White House adviser Elizabeth Warren said her meetings with investors and bank executives are going well, helping to give the financial industry a better sense of the new Consumer Financial Protection Bureau’s direction and priorities.
“I have really been on the road,” Warren told CNBC, noting that she’s been traveling the country meeting with community bankers, consumer advocates, chief executives of the largest financial firms and buy-side investors. Warren said she has discussed the agency’s approach to regulation and outlined its likely first steps “to make it really clear where we’re headed.”
With that, no one should be mistaken about the direction the consumer bureau is going, she said.
“These have been really good conversations,” Warren added.
Warren, whom President Barack Obama tapped in September to launch the new Consumer Financial Protection Bureau, also said the agency will focus on helping smaller banks thrive by focusing on regulations that should level the playing field between big banks and smaller, community banks.
In addition, she said the agency, which has been a target of conservative Republicans seeking to scale back some of the bureau’s wide powers over credit cards and mortgages, is not a partisan agency.
It will focus on making sure consumers have the price of financial products up front and aren’t hit with hidden fees and traps. Making the financial markets work better for the consumer is neither a Republican or Democratic thing, she said.
The financial overhaul enacted earlier this year created the consumer bureau as the nation’s first agency solely charged with protecting consumers from abusive financial products. It is still unclear who will be named director of the agency.
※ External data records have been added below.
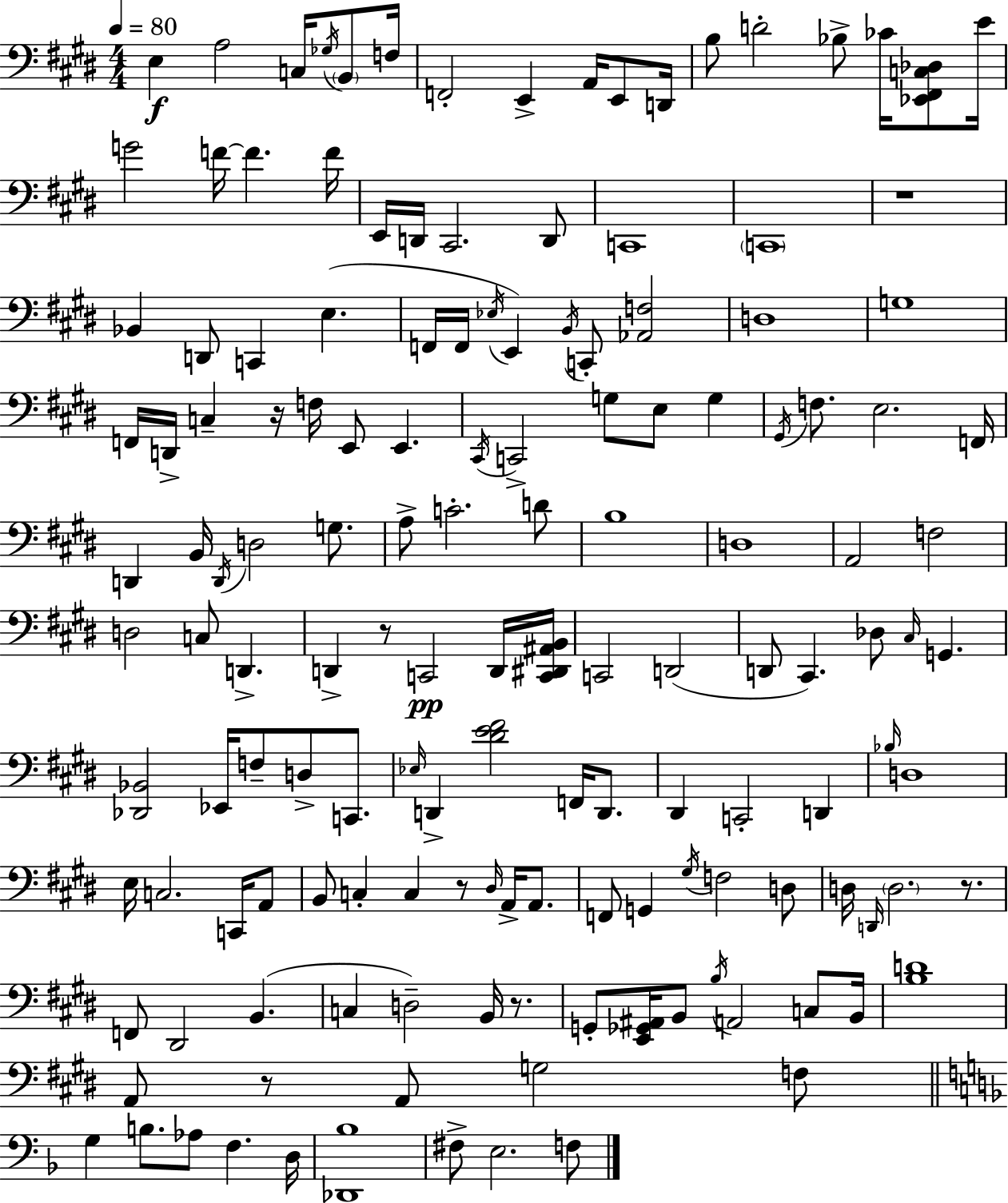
X:1
T:Untitled
M:4/4
L:1/4
K:E
E, A,2 C,/4 _G,/4 B,,/2 F,/4 F,,2 E,, A,,/4 E,,/2 D,,/4 B,/2 D2 _B,/2 _C/4 [_E,,^F,,C,_D,]/2 E/4 G2 F/4 F F/4 E,,/4 D,,/4 ^C,,2 D,,/2 C,,4 C,,4 z4 _B,, D,,/2 C,, E, F,,/4 F,,/4 _E,/4 E,, B,,/4 C,,/2 [_A,,F,]2 D,4 G,4 F,,/4 D,,/4 C, z/4 F,/4 E,,/2 E,, ^C,,/4 C,,2 G,/2 E,/2 G, ^G,,/4 F,/2 E,2 F,,/4 D,, B,,/4 D,,/4 D,2 G,/2 A,/2 C2 D/2 B,4 D,4 A,,2 F,2 D,2 C,/2 D,, D,, z/2 C,,2 D,,/4 [C,,^D,,^A,,B,,]/4 C,,2 D,,2 D,,/2 ^C,, _D,/2 ^C,/4 G,, [_D,,_B,,]2 _E,,/4 F,/2 D,/2 C,,/2 _E,/4 D,, [^DE^F]2 F,,/4 D,,/2 ^D,, C,,2 D,, _B,/4 D,4 E,/4 C,2 C,,/4 A,,/2 B,,/2 C, C, z/2 ^D,/4 A,,/4 A,,/2 F,,/2 G,, ^G,/4 F,2 D,/2 D,/4 D,,/4 D,2 z/2 F,,/2 ^D,,2 B,, C, D,2 B,,/4 z/2 G,,/2 [E,,_G,,^A,,]/4 B,,/2 B,/4 A,,2 C,/2 B,,/4 [B,D]4 A,,/2 z/2 A,,/2 G,2 F,/2 G, B,/2 _A,/2 F, D,/4 [_D,,_B,]4 ^F,/2 E,2 F,/2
Meanwhile, Warren will be working to get the bureau off the ground.
Warren has been busy with media interviews this week and also wrote an opinion piece in Politico, in which she suggested that the new consumer protection bureau can take concrete steps to help community banks.
Earlier this week, on MSNBC’s “The Rachel Maddow Show,” Warren said she’s surprised that some critics of the nation’s new consumer protection bureau are already trying to dismantle it before it’s fully operating.
“I have to say I’m really surprised by this move,” Warren said Monday night.
She said it took 50 years before anyone started seriously chipping away at the reforms put in place after the Great Depression.
“Now, here we’re coming out of — we hope coming out of another great recession — we’ve passed serious reform, and it’s just a matter of months until people are talking about how to undercut this new consumer financial protection agency,” she said.